I had to prove my bona fides as a pilgrim today. We’re talking the Roman Catholic Church here, so there’s no harm in a bit of Latin. Bona fides. Sounds like a name for a dog, doesn’t it?
I set off from St. Omer to follow the general line of the Via Francigena, and the dead straight Roman road, down to Arras. Am I then a pilgrim? That’s a big question.
When I stopped at Camblain (I think it was there) to admire a ruined abbey, and read all the accompanying signs about the Via Francigena, I was very conscious of a long tradition. It isn’t difficult to imagine the numbers of people who have come this way, pilgrims from Canterbury to Rome, over the centuries.
But I haven’t got the document, which they stamp at the waypoints, to say I’m genuine, that this endeavour is a divine undertaking.
Well, I want to say, under this interrogation from the accommodation officer, everything I do is fraudulent to a degree, improvised, provisional, agnostic, uncertain, ambivalent. Sometimes it’s a pilgrimage, and sometimes it isn’t.

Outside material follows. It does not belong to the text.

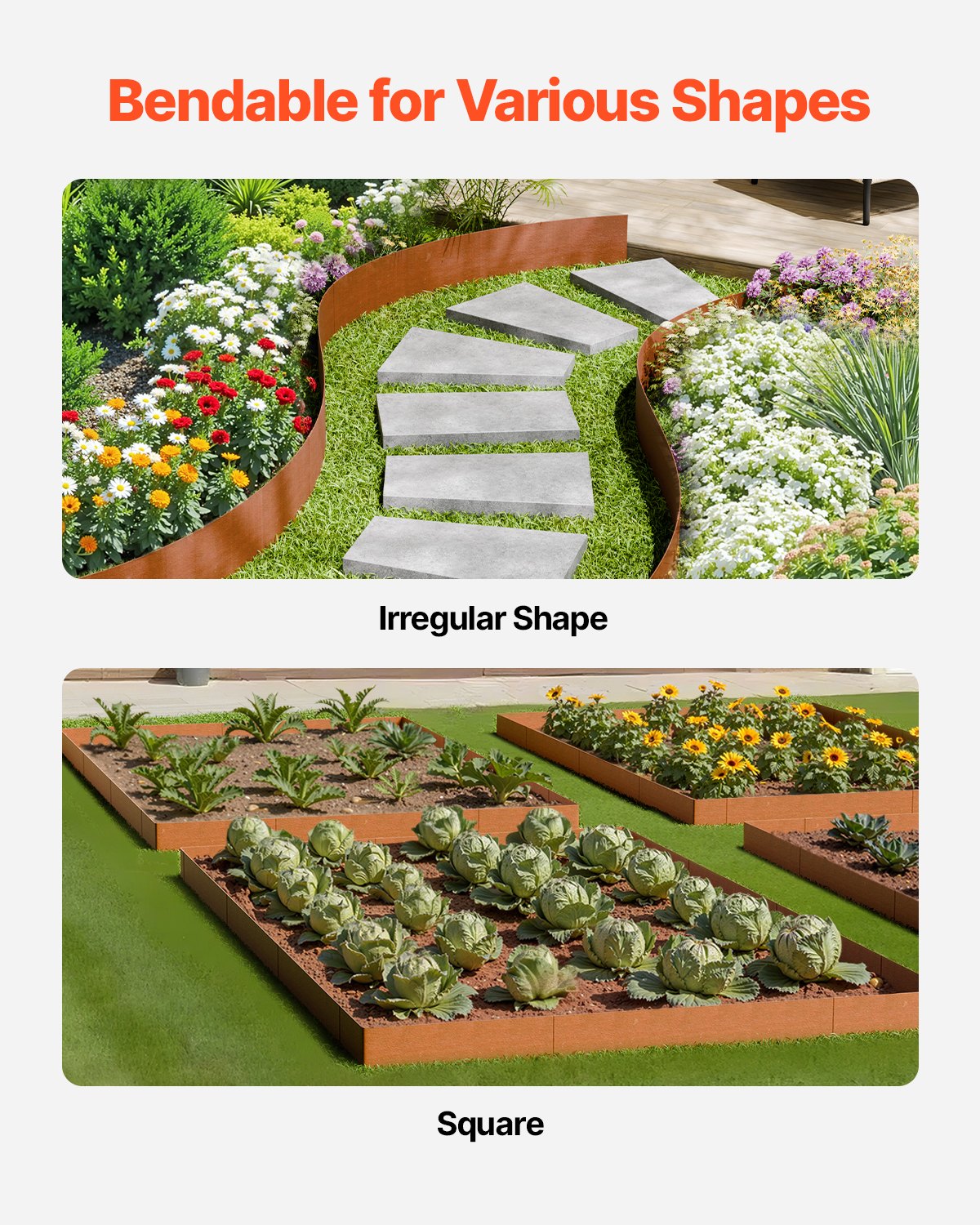 VEVOR Steel Landscape Edging 6 Packs 40 x 8in Weather-Resistant for Yard Lawn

But that won’t get me a bed for the night, and I’m tired. Yes, I say, I’m a retired Anglican vicar. I played my cello, an essential part of this undertaking, in Canterbury cathedral, and set off from there with the Bishop’s blessing. I just haven’t got the booklet for stamping, because St. Martin’s Church was shut when I set off.

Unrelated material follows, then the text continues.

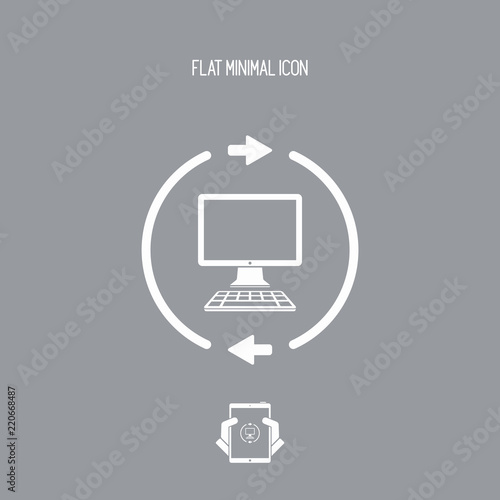 Computer synchronization flat icon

All of which was perfectly true.
The Diocesan House, where I’m looking for a bed, relent their strict policy that allows only the bona fide pilgrim to stay. Have this room – you’re the only person here tonight. Sometimes there must be more pilgrims – there are four ancient iron beds crammed into the tiny room. The building itself is the size of a city museum, with corridors big enough for cricket.
But in the entire building there is not a single kettle. That thing that is top of the English pilgrim’s list of necessities – a cup of tea – cannot be had. That’s a privation too far, in my view.
Maybe I should have tried harder to make Rashid and Munir’s invitation in Bruay work. I’d had the biggest kebab salad I’d ever seen in their Moroccan restaurant, Le Marrakech, and they were closing up after lunch and smoking in the sun.
They admired the bike set-up, and one thing led to another, and then I was getting the cello out and playing James Bond for them. Please, they said, come back this evening and play for our diners, and we’ll give you a good dinner. They would have invited me to stay, but they were both recently married and living in adjoining single rooms.
So I pressed on to Arras, along the Via Francigena and the Roman road, which was very straight, but not always surfaced. And in the Diocesan Pilgrim Centre, the lone guest, I was too tired to eat, and went straight to bed. Not that I needed to eat after that kebab salad.